Kairo (ANTARA) - Presiden Mesir Abdel Fattah al-Sisi pada Kamis (29/8) memperingatkan tentang “bahaya ekstrem” operasi militer Israel yang sedang berlangsung di Tepi Barat bagian utara.
Peringatan ini disampaikan selama pertemuan di Kairo antara Sisi dan delegasi Kongres AS yang dipimpin oleh Senator Joni Ernst, yang mendukung upaya mencapai gencatan senjata di Gaza dan kesepakatan pertukaran tahanan, demikian menurut pernyataan dari kepresidenan Mesir.
Sisi memperingatkan tentang “bahaya eskalasi dan ketegangan di wilayah tersebut akibat perang yang sedang berlangsung di Jalur Gaza,” menurut pernyataan itu.
Ia menegaskan komitmen Mesir untuk melanjutkan upaya, dalam koordinasi dengan mitra, “untuk mengakhiri perang Israel yang telah menyebabkan bencana kemanusiaan di Jalur Gaza,” tambahnya.

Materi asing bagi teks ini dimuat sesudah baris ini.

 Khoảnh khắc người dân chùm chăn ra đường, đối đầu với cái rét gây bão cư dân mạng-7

Selama beberapa bulan, Mesir, Qatar, dan AS telah berupaya mencapai kesepakatan antara Israel dan Hamas untuk memastikan pertukaran tahanan dan gencatan senjata, serta memungkinkan bantuan kemanusiaan masuk ke Gaza.
Namun, upaya mediasi terhambat oleh penolakan Perdana Menteri Israel Benjamin Netanyahu untuk memenuhi tuntutan Hamas agar perang dihentikan.

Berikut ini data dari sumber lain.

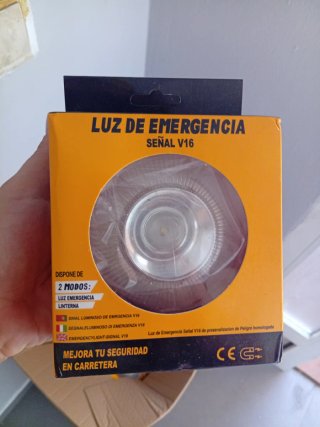 Luz de Emergencia Baliza V16 lote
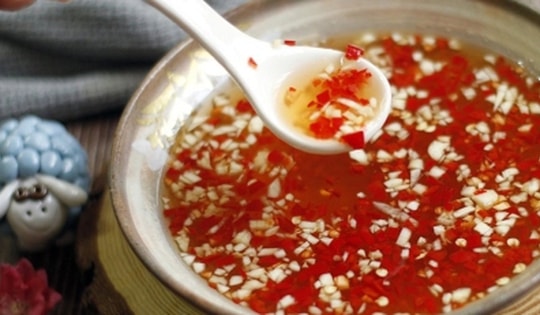 Loại nước chấm của Việt Nam thuộc top ngon nhất thế giới, có gì đặc biệt?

Pemimpin Mesir tersebut memperingatkan “bahaya ekstrem dari eskalasi Israel saat ini di Tepi Barat, yang secara signifikan meningkatkan risiko memperumit situasi regional.”
Tentara Israel meluncurkan operasi militer besar-besaran di Tepi Barat bagian utara pada Rabu (28/8), yang merupakan operasi terbesar dalam dua dekade.

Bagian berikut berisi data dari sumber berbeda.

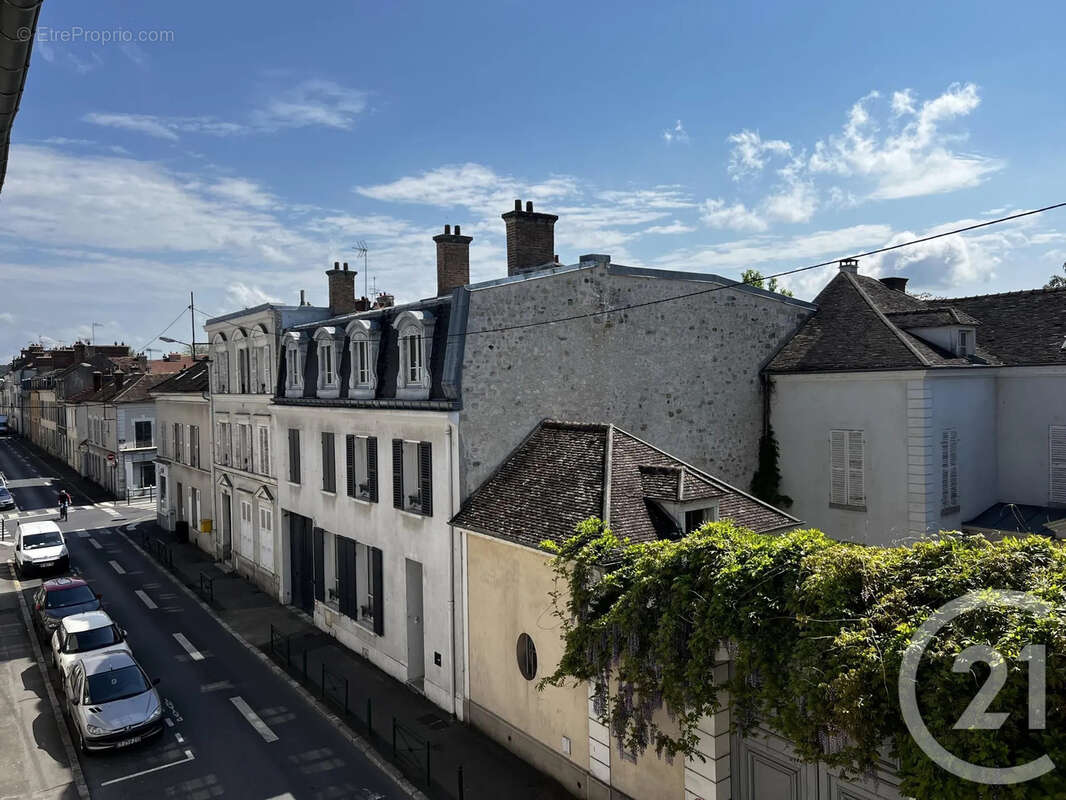 Appartement à FONTAINEBLEAU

Setidaknya 17 warga Palestina tewas sejak operasi Israel dimulai pada Rabu, menurut Kementerian Kesehatan.
Operasi ini terjadi ketika Israel terus melakukan serangan brutal di Jalur Gaza setelah serangan Hamas pada 7 Oktober lalu, meskipun ada resolusi Dewan Keamanan PBB yang menyerukan gencatan senjata segera.
Serangan di Gaza itu telah menyebabkan lebih dari 40.600 kematian warga Palestina, sebagian besar wanita dan anak-anak, serta lebih dari 93.800 luka-luka, menurut otoritas kesehatan setempat.
Blokade yang terus berlangsung di Gaza telah menyebabkan kekurangan pangan, air bersih, dan obat-obatan yang parah, meninggalkan banyak wilayah dalam kondisi hancur.
Israel menghadapi tuduhan genosida di Pengadilan Internasional, yang telah memerintahkan penghentian operasi militer di kota Rafah bagian selatan, di mana lebih dari satu juta warga Palestina telah mencari perlindungan sebelum wilayah tersebut diinvasi pada 6 Mei.